[[ Data to process open ]]
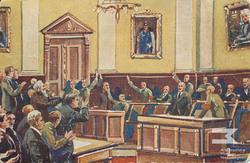 A meeting convened by the Workers and Soldiers Council in the City Council Hall in Poznań, on Monday, 11 November 1918. At the meeting, after a fiery speech by the late Marjan Głowacki, Ph.D., the decision was taken to remove Mayor Wilms from office.
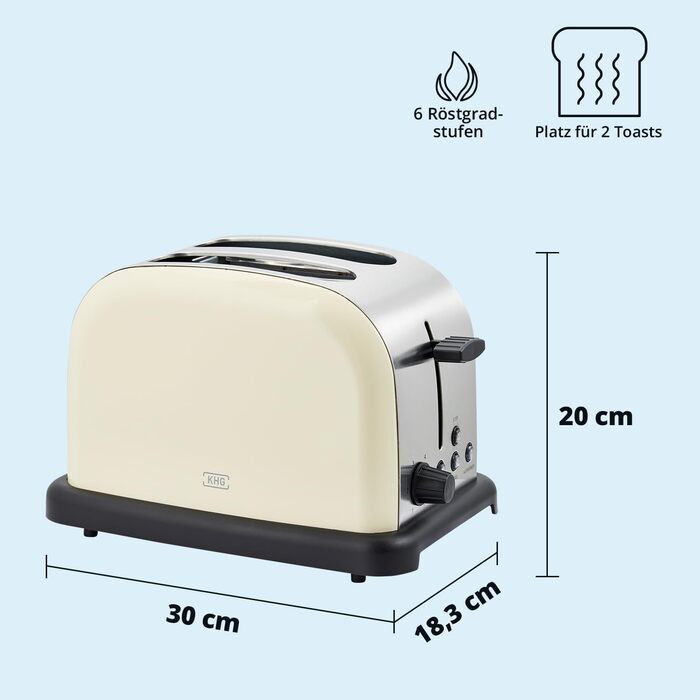 KHG Набор для завтрака из электрочайника 1,7 л и тостера на 2 ломтика KHG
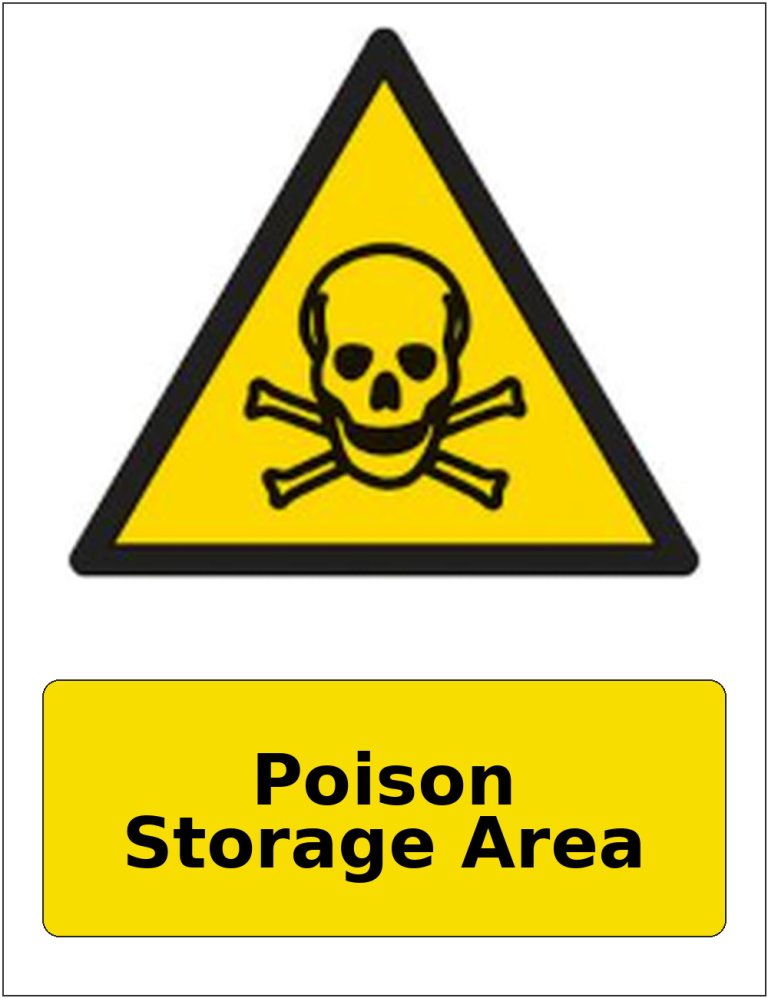 Poison Storage Area portrait toxic warning sticker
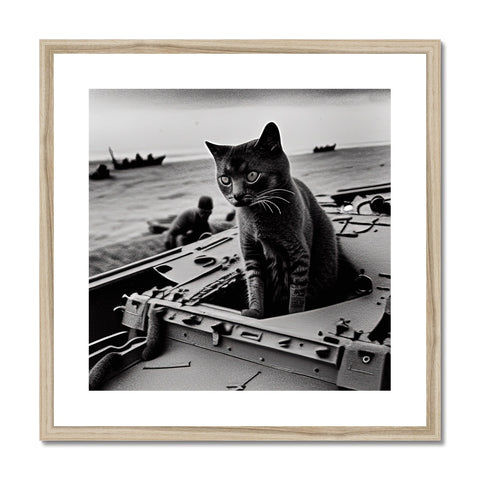A cat stands in front of a black and gray picture frame with a photograph on it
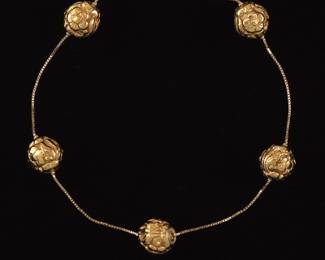 Ladies Gold Floral Design Beads Necklace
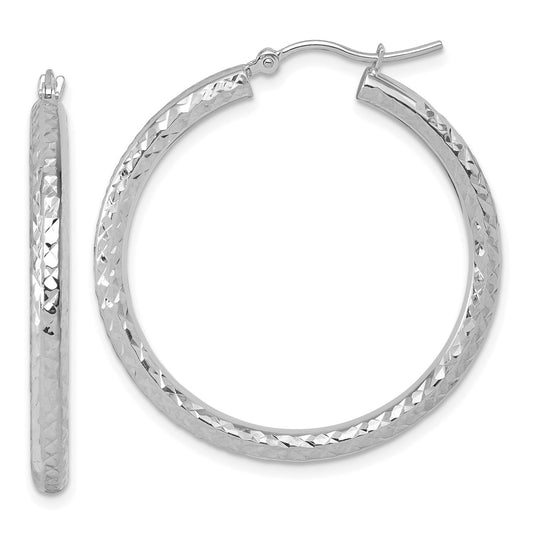14K Leslie's Women's 3mm Diamond-Cut Hoop Earrings in Rhodium Plating-over 14K White Gold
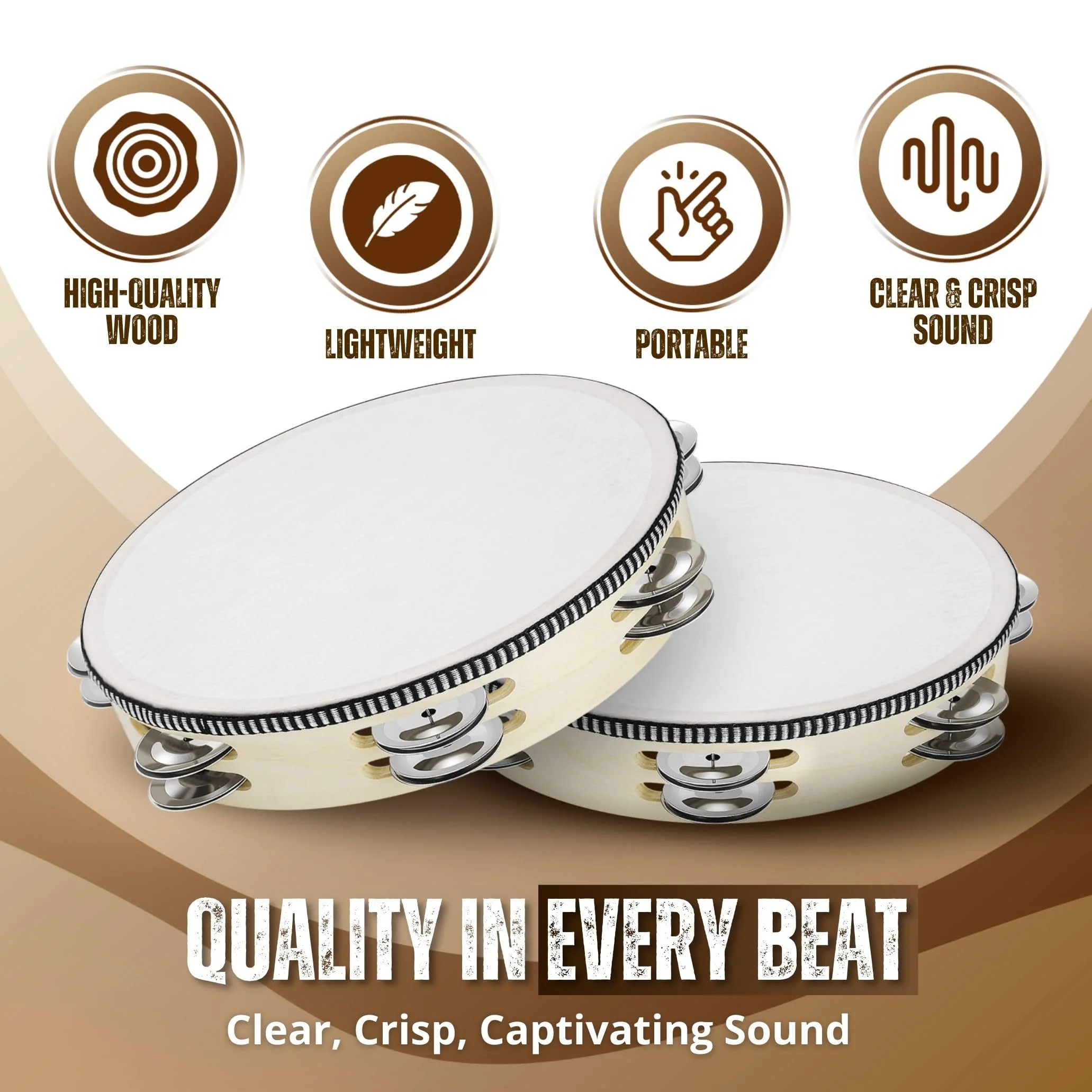 Flexzion Wood Handheld Tambourine for Kids (2 Pack) 8 Inch Double Row 12 Pair Jingles, Hand Held Percussion Drum Moon Musical Instrument with Metal Bell 8 Inch (2 Pack) Double Row - Wood - Image 3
[[ Data to process closed ]]
Problem statement: Excluding the pictures, output every entry above without alteration.

Task solution:
 A meeting convened by the Workers and Soldiers Council in the City Council Hall in Poznań, on Monday, 11 November 1918. At the meeting, after a fiery speech by the late Marjan Głowacki, Ph.D., the decision was taken to remove Mayor Wilms from office.
 KHG Набор для завтрака из электрочайника 1,7 л и тостера на 2 ломтика KHG
 Poison Storage Area portrait toxic warning sticker
A cat stands in front of a black and gray picture frame with a photograph on it
 Ladies Gold Floral Design Beads Necklace
14K Leslie's Women's 3mm Diamond-Cut Hoop Earrings in Rhodium Plating-over 14K White Gold
 Flexzion Wood Handheld Tambourine for Kids (2 Pack) 8 Inch Double Row 12 Pair Jingles, Hand Held Percussion Drum Moon Musical Instrument with Metal Bell 8 Inch (2 Pack) Double Row - Wood - Image 3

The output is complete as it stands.